Keyboard shortcuts

Press or to navigate between chapters

Press S or / to search in the book

Press ? to show this help

Press Esc to hide this help

Avro

Avro is the schema-first wire format that thinks about schemas differently from Protobuf and Thrift, and it is worth getting that difference clear before doing anything else with the format. Protobuf and Thrift identify fields by stable numeric tags emitted on the wire; the schema's job is to map those tags to types and names, and the wire format carries enough information that a decoder can skip fields it does not recognize. Avro identifies fields by position — the wire format is just the field values concatenated in schema order, with no tags at all — and relies on a mechanism called schema resolution to handle version skew between producers and consumers. The two approaches are not subtly different, and the consequences cascade through everything else about Avro: the wire format is denser, the schema is mandatory at decode time, the evolution rules are formal and machine-checkable, and the typical deployment shape involves a schema registry that the typical Protobuf deployment does not.

Origin

Avro was created by Doug Cutting in 2009 as part of the Apache Hadoop ecosystem. Cutting (who had previously created Lucene, Nutch, and Hadoop itself) wanted a serialization format that would be the canonical row representation in Hadoop's MapReduce pipeline and the canonical record format in HDFS. The constraints Cutting faced were the constraints of an analytical pipeline: huge volumes of records, all conforming to a known schema, written by jobs that knew the schema at write time and read by jobs that knew the schema at read time, with the two schemas potentially differing because the pipeline evolved over months or years.

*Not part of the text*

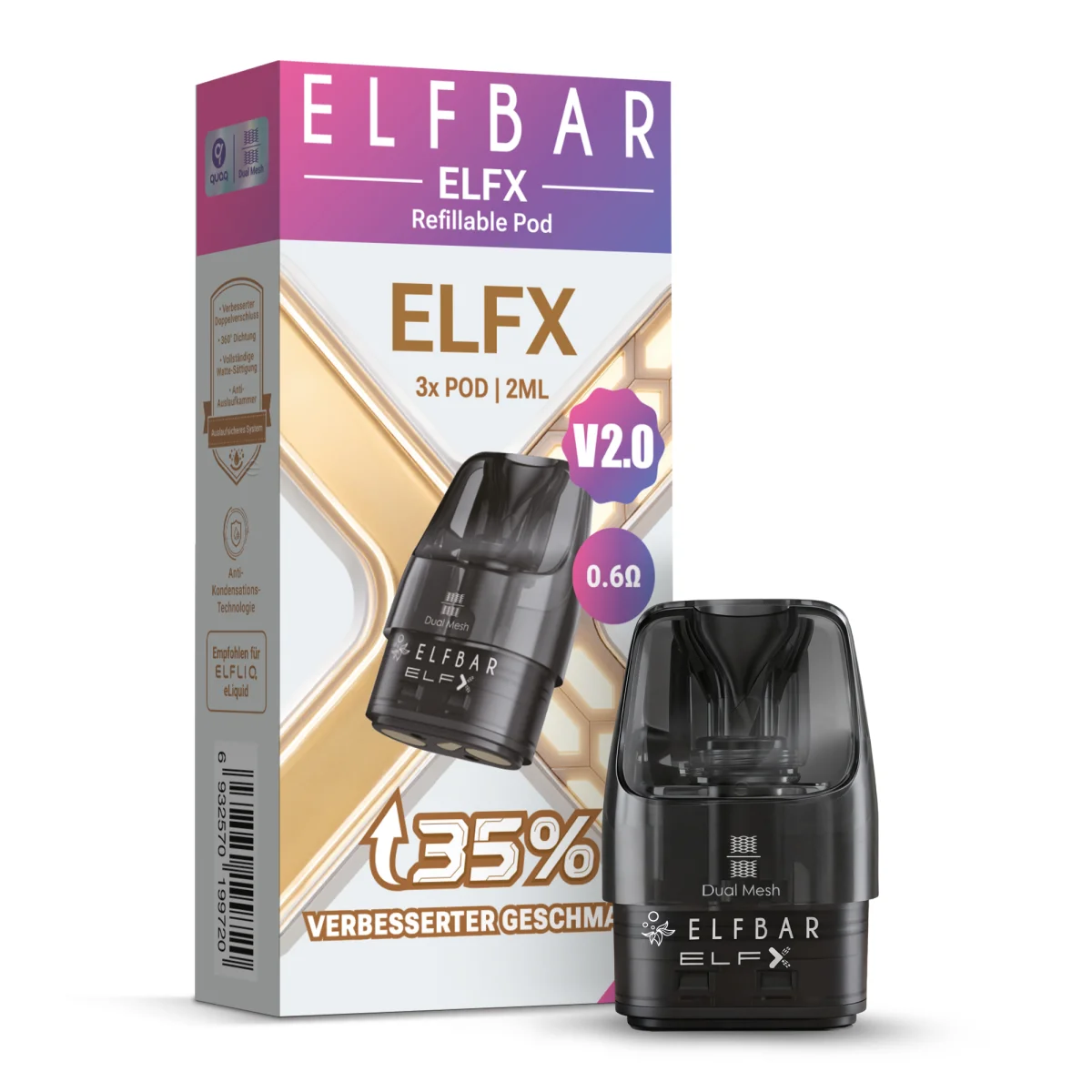 ELFX V2.0 Pod - Refillable Pod V2.0 0.6 OHM - 2ml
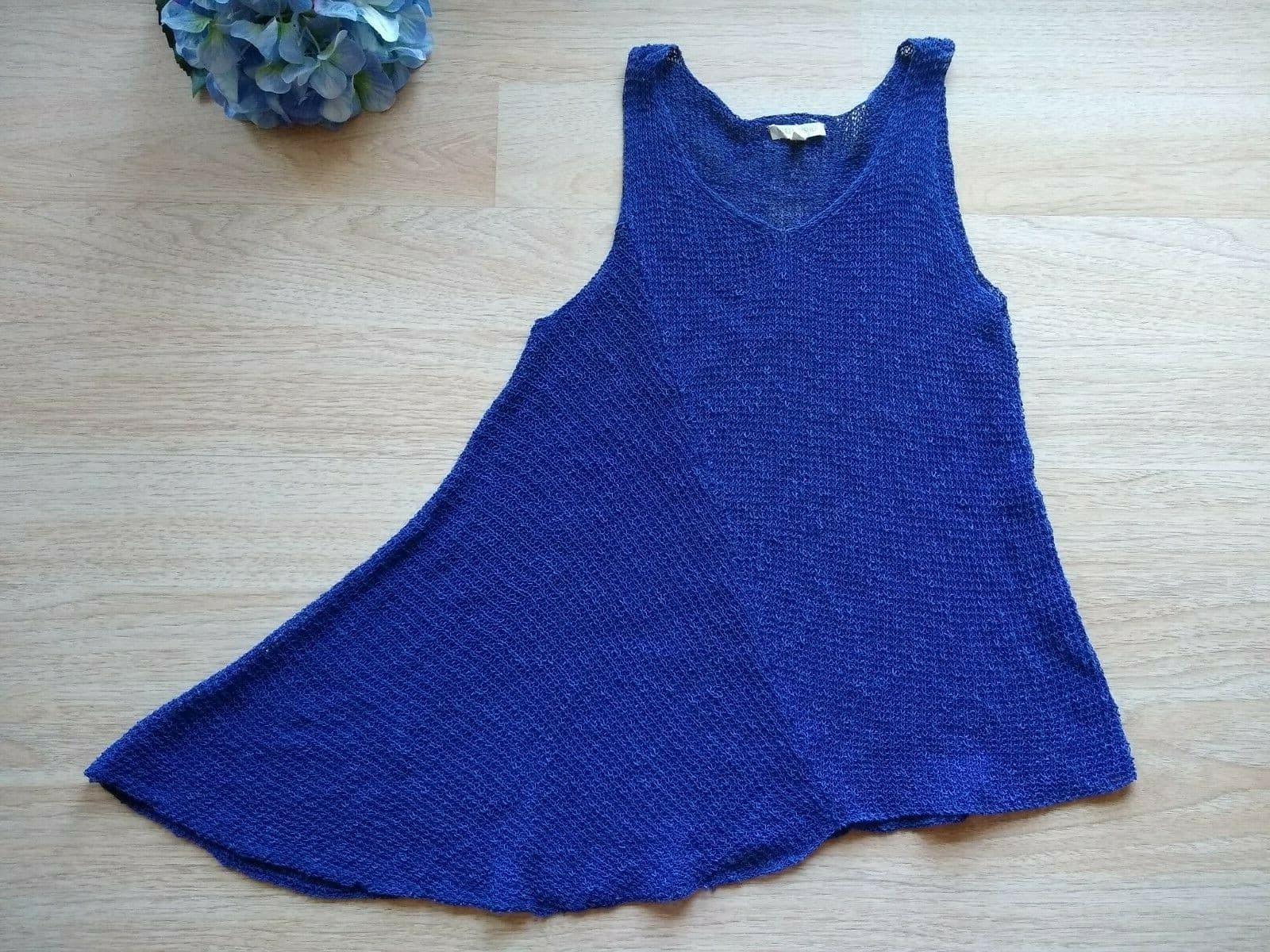EILEEN FISHER Linen Blend Open Stritch Tank Top High-Low Sleeveless Blue Sz.M - Thumbnail 4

The first design choice that fell out of those constraints was schema-with-data. Hadoop sequence files are large; embedding the schema once at the head of the file amortizes to nothing per record and gives every reader of that file the canonical interpretation of the bytes. The Avro Object Container File format codifies this: a magic number, a schema in JSON form, a synchronization marker, and then a series of compressed blocks of records, each block re-stating the synchronization marker so that a stream-aware reader can skip ahead. The schema is part of the file. The file is self-describing. The records inside the file are not.

The second design choice was positional wire encoding. Once the schema is known at decode time — guaranteed by the file format, and the convention by which Avro is used in Kafka via Confluent's Schema Registry — there is no need for field tags. Records become the concatenation of their field values, encoded in schema-declared order, with each field's encoding determined by its declared type. The result is the densest of the schema-required wire formats in this book: no field numbers, no length prefixes on records, no type tags on values.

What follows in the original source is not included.